I’ve got an question for the C (and CUDA) experts out there. I want to write two versions pf the same program: one to be run on the CPU and one on the GPU so that I can compare the two of them.
For the moment I’m working on the CPU program. Basically in the program I have to run a loop for hundreds of time. In the loop I calculate (the outer loop contains two inner loops):
u_new[i][j]=u_old[i][j]; (obviously this type of program should run faster on a GPU)

Now the problem is that during the next iteration I have to calculate new values for u_new based on the old values of u_new. I’ve tried three different versions:

  1. At the end of the outmost loop I simply copy u_new to u_old.
  2. I use dynamically allocated arrays and interchange the pointers (actually the pointers to the pointers because it’s a 2D array)
  3. I use an if condition and if it’s an even loop then the array u_new will contain the new values which are calculated based on the old ones and if it’s an odd loop then the array u_old will contain the new values which are calculated based on the old ones (which are in u_new).

It seems that the third version is the fastest but the differences are small (100ms at 7 seconds).

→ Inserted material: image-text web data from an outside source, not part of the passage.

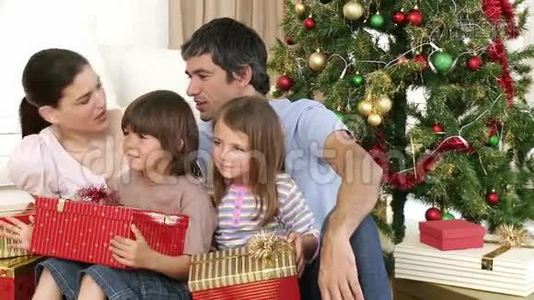 父母和孩子在家拿圣诞礼物视频
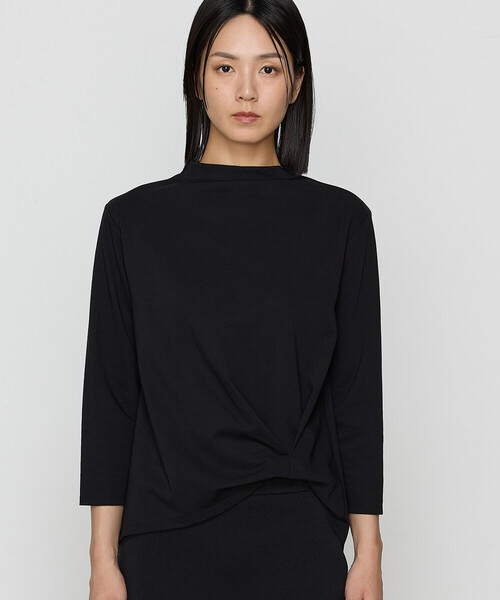 Gabardine K.T(ギャバジンケーティー)の「〔 +サイズ 〕 ポンチ ワンタックプルオーバー(Tシャツ/カットソー・レディース・ブラック/オフホワイト・13号)」の9枚目の写真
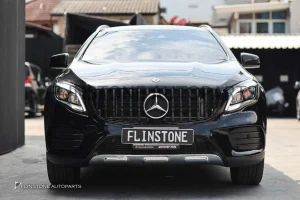 กระจังหน้า W156 GLA-Class Facelift ทรง GT สีดำเงา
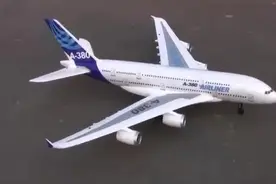 这操作！看看国外大兄弟驾驶空中客车A380！视频封面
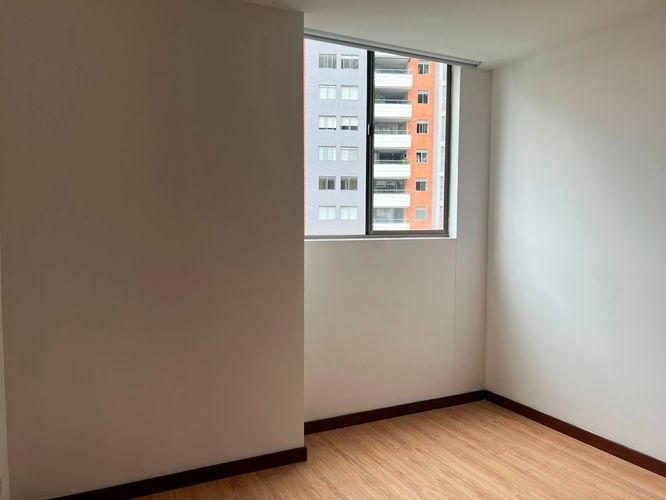 Apartamento de 3 alcobas en arriendo en Loma Del Esmeraldal, Envigado, 95 m² · foto 11 de 18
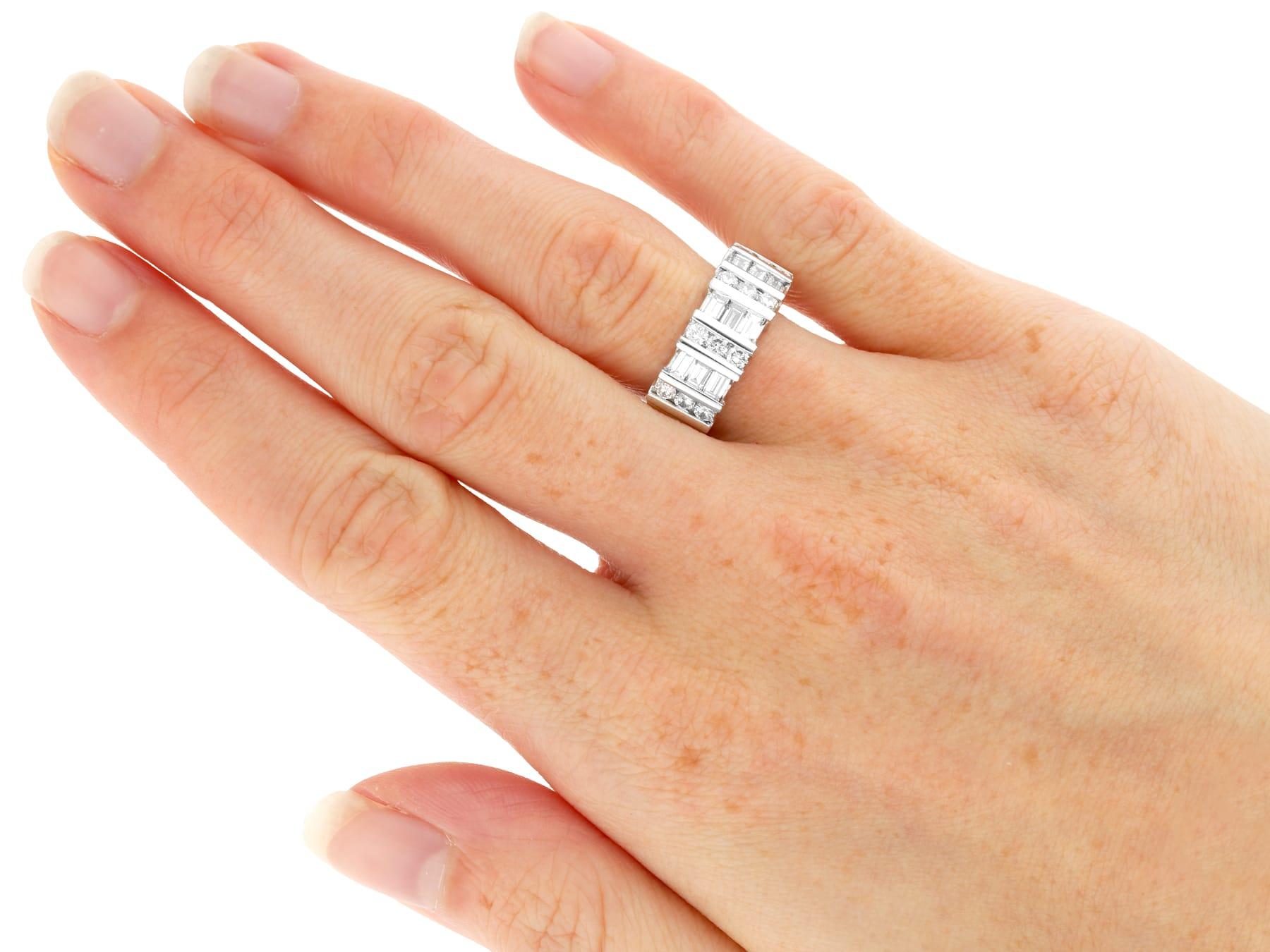 Vintage 1.10 Carat Diamond and Platinum Ring 3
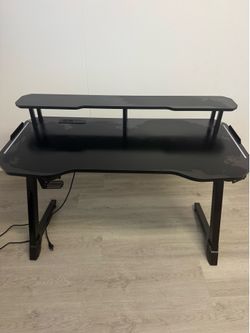Computer/Gaming Desk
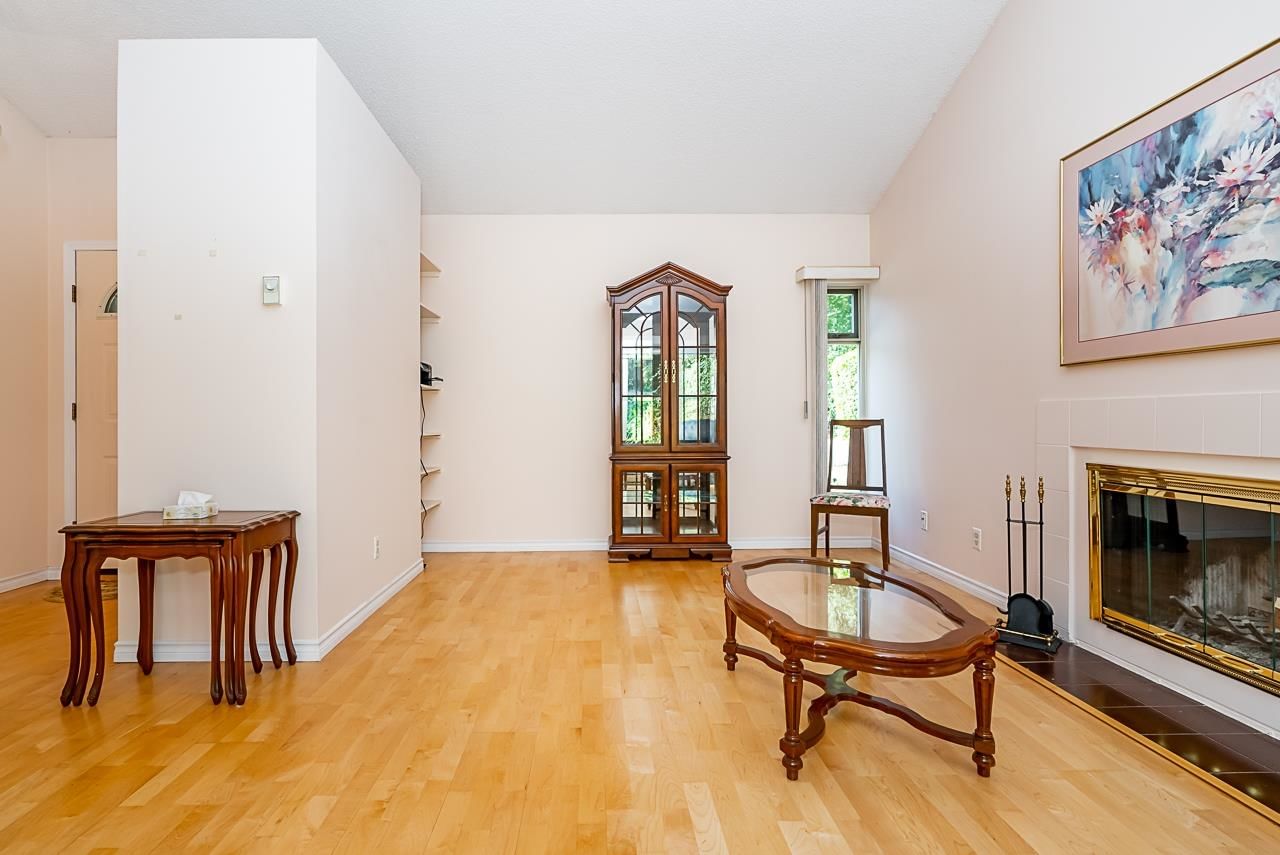 Listing Image 17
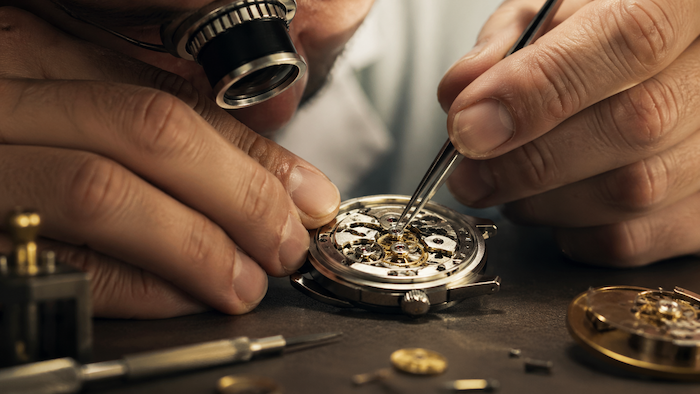 Полная профилактика механических часов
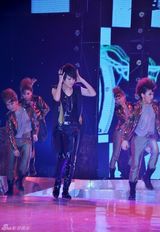 高清图：李宇春个唱成催泪弹 谢霆锋重弹吉他落泪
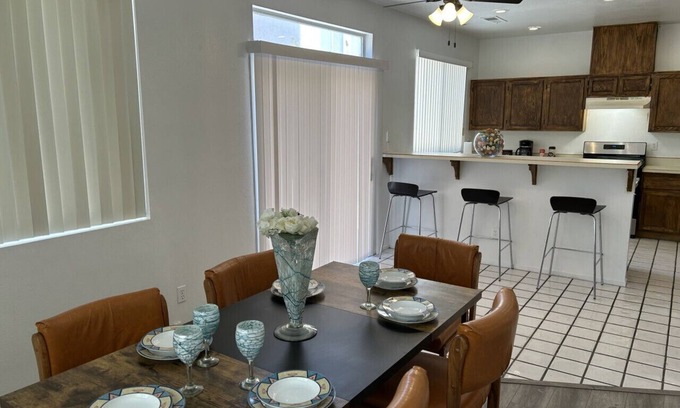 Smoke Ranch Casa | Play Golden Pond Circle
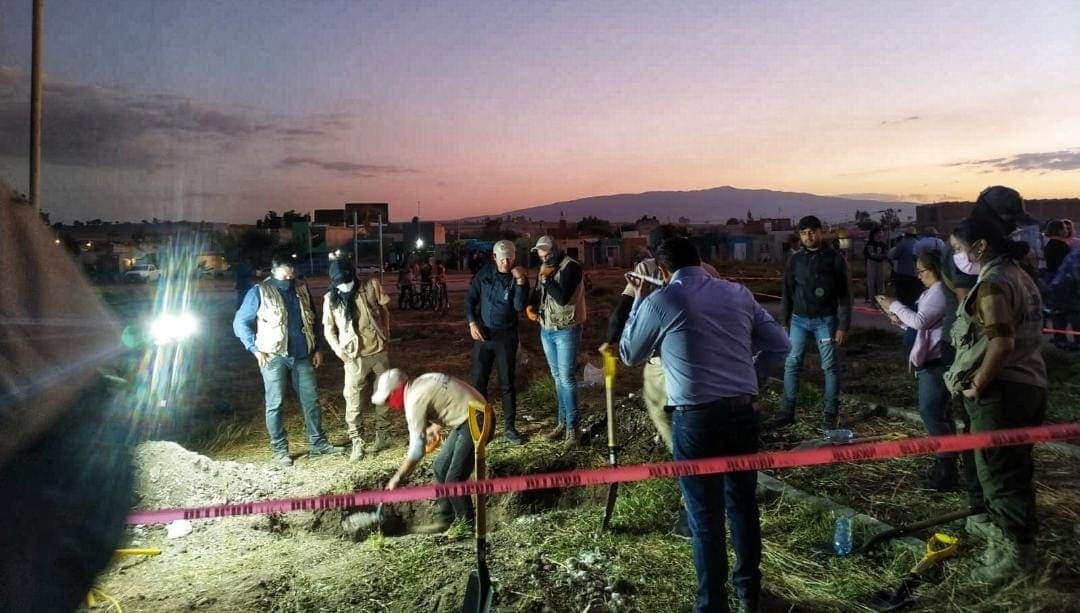 Buscadoras de Sonora hallan restos humanos en parque de diversiones en Jalisco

Does anyone know better solutions for this problem? And which of the versions do you think would work best on a GPU?

Thanks a lot!

Why do you use pointers to pointer but not just allocate one memory block?

Because I want to address the values as u[i][j], rather than u[i*n+j]…but I guess there’s no big difference

On the GPU there is a very big difference between thte two. The first requires two pointer reads to fetch an entry, and then there is no guarantee that memory coalescing requirements can be met when a warp tries to perform a load or store with the array. The second only requires one pointer read and an integer multiply-add. When global memory latency is of the order of thousands of cycle, the is a big difference between the two approaches.

The pointer exchange idea with will be best on the GPU. Keep the outer loop on the host, make the inner loop(s) into a kernel, and use pointer swapping with one kernel launch per outer loop iteration. Kernel launch time is only a few microseconds on most platforms and it shouldn’t have a large effect on overall performance for a non-trivial kernel.


There’s a difference (albeit less crippling) on the CPU too. The caches help, but [font=“Courier New”]a[i][j][/font] syntax is still going to waste cache lines on pointer data, rather than something useful. Nonscientific testing with the code I’m currently working on suggests that there’s a factor two in performance on Nehalem from fixing this. Of course, if I were to do so, it would make my GPU acceleration efforts (which I’m actually paid for) less impressive…